Would you like me to send an answer looking like this?

for  y = arccos x the domain is [-1,1] and the range is generally taken to be  [0,pi]  but if that is multiplied by x, to get your function y = f(x) = x arccos x now you have something different you can make these observations:

f(-1) = -1(arccos(-1)) = -1(pi) = -pi  f(1)  = 1(arccos(1)) = 1(0) = 0  f(0) = 0   but if  x is in [0,1] arccos(x) is positive and so is x and therefore we have some positive function values therefore we have to investigate the maximum values, and have to find critical points:

         x
f'(x) = arccos(x) + -------------
         sqrt(1 - x^2)  

thats going to be a bit messy but the maximum will be somewhere about f(x) = 0.4 the minimum is f(-1) = -pi so that is your range


---------- FOLLOW-UP ----------

QUESTION: Tanks for your prompt reply.

The range of the f(x)= x. arccosx is still troubling me.

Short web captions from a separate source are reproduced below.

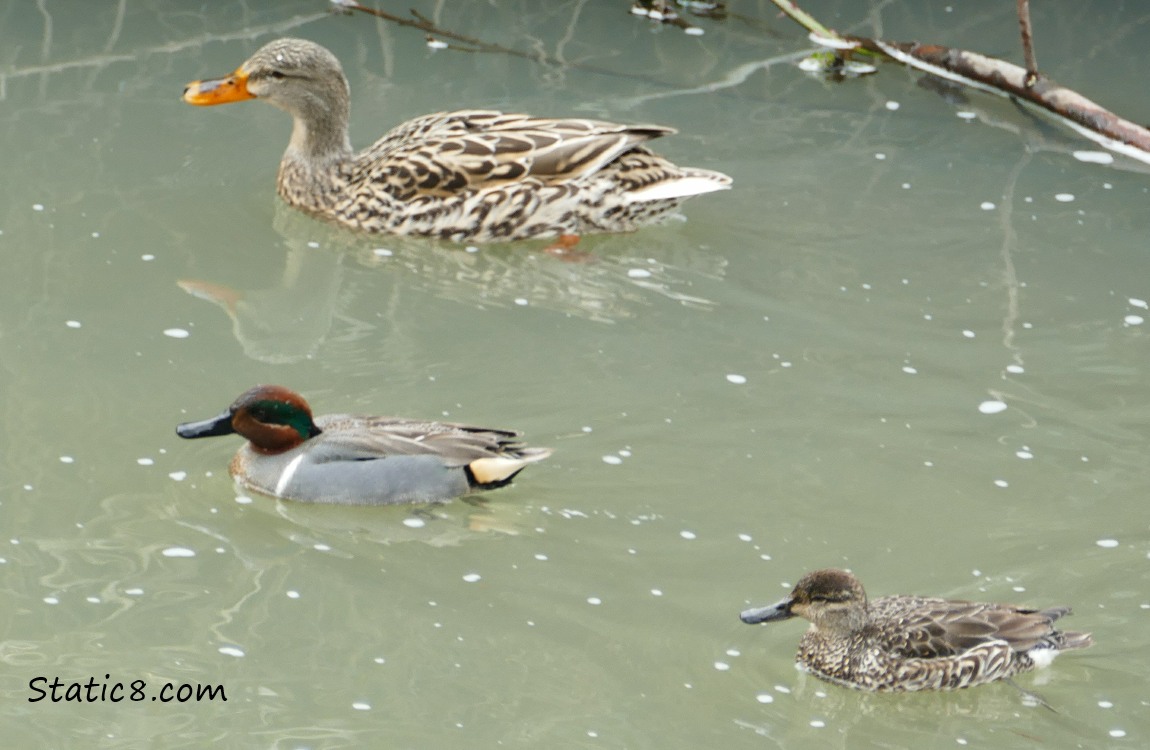 female Mallard in the water with a pair of Greenwing Teals, male and female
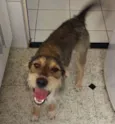 BoB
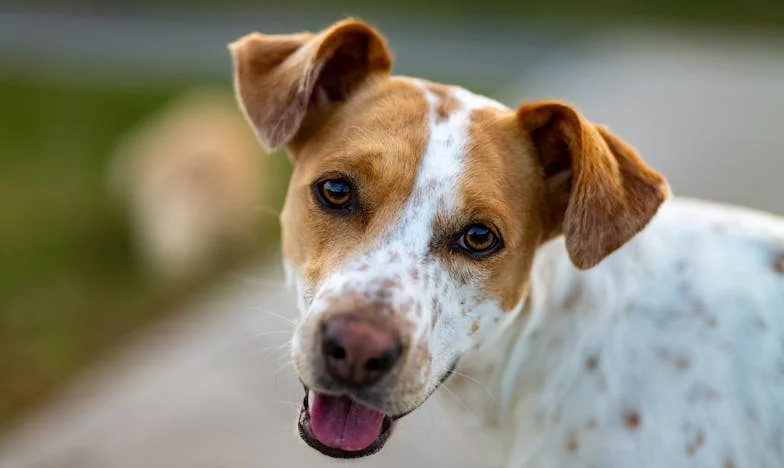 Proč mě vlastní dcera odsuzuje za to, co jí nemohu dát?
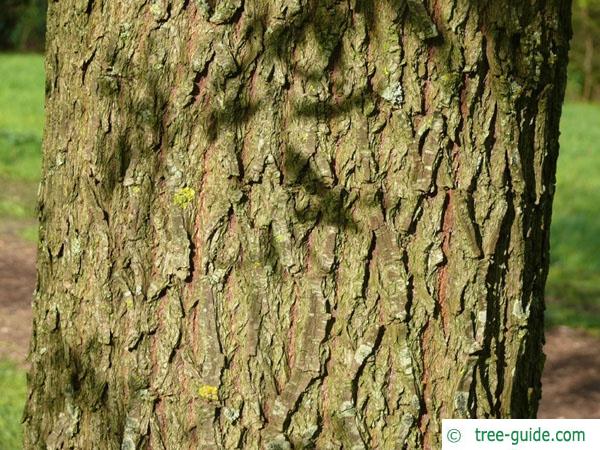white willow (Salix alba) trunk / bark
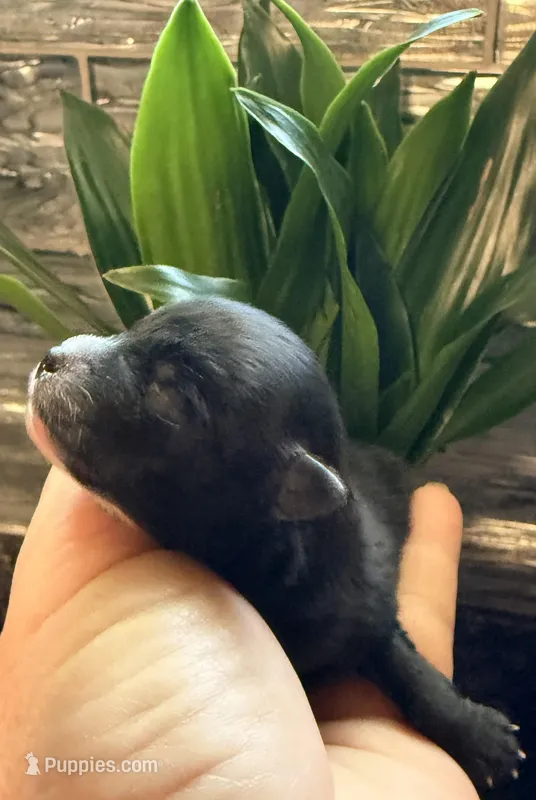 Akc 7 female – Pomeranian puppy for sale in Pace, FL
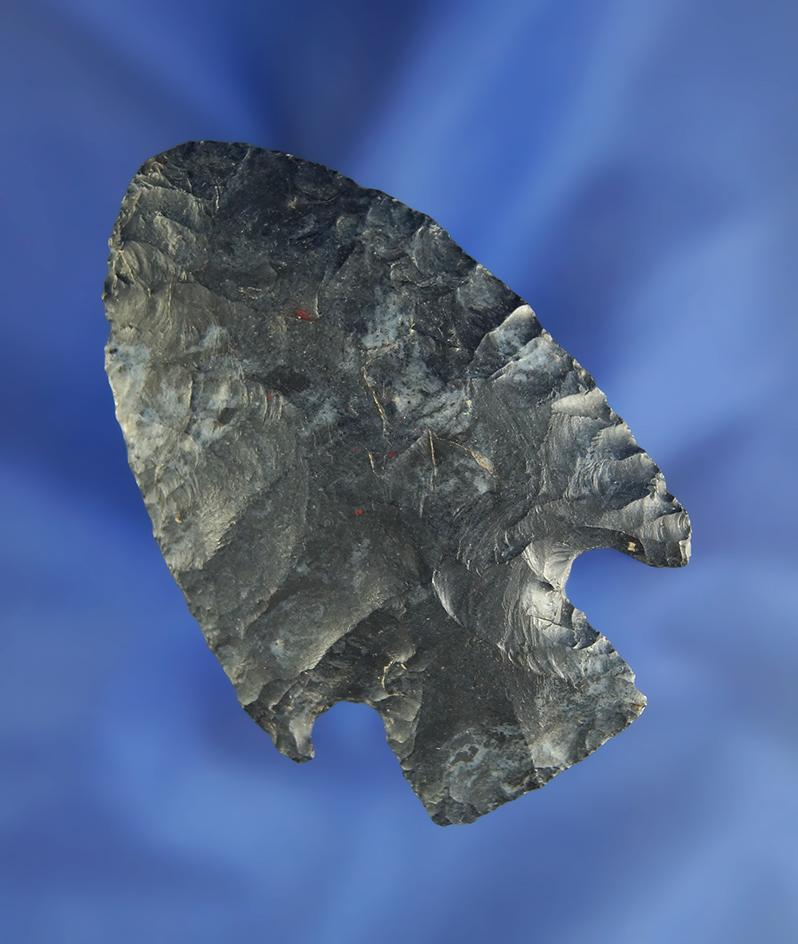 2 9/16" Basal Notch found in Miami Co.,  Ohio, - Coshocton Flint. Comes a Bennett COA.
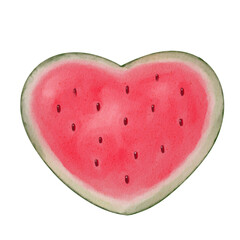 Watermelon, watercolor painting style illustration.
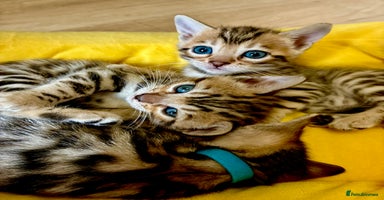 Bengal cats - Advert 1
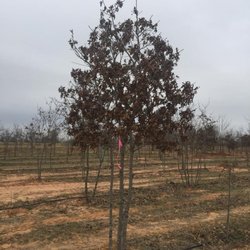 Tree Loving Care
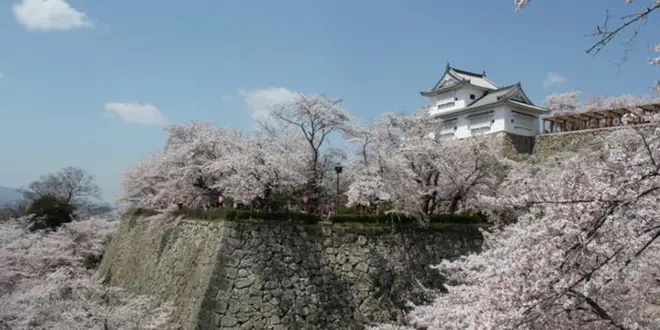 【岡山県】観光列車「SAKU美SAKU楽」に乗って津山を観光🌸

I have found it through an interative method(trial and error)but was hoping for a more accurate result.

Is there a way to solve the derivative of this function to find the upper bound of the range?

If not what approximation method would best be suited to find an approximate value?

With thanks Bruce Hill

Answer
Hi, Bruce,

You are trying to solve this equation:

         x
f'(x) = arccos(x) + ------------ = 0
         sqrt(1 - x^2)

I can't think of any exact way so solve it, so you will have to use some iterative method.

I think that its derivative (that would be f''(x)) is not close to zero near the solution point.  That means you could use Newton's method.  Calling that function  g(x), for simplicity,
         x
g(x) = arccos(x) + ------------
         sqrt(1 - x^2)

you start by finding  g'(x).  Messy, but not impossible.  Next choose a starting value of x, perhaps  x1 = 0.5.

Now Newton's method says:

x[n+1] = x[n] -  g( x[n] )/g'( x[n] )

I.e.  plug in that x1 and you get x2.  Plug in x2 and you get x3, etc.  [An Excel spreadsheet is a good way to set it up.]

If the original value is well chosen, and the function does not misbehave (that usually means the derivative is zero nearby) then Newton's method converges quite rapidly.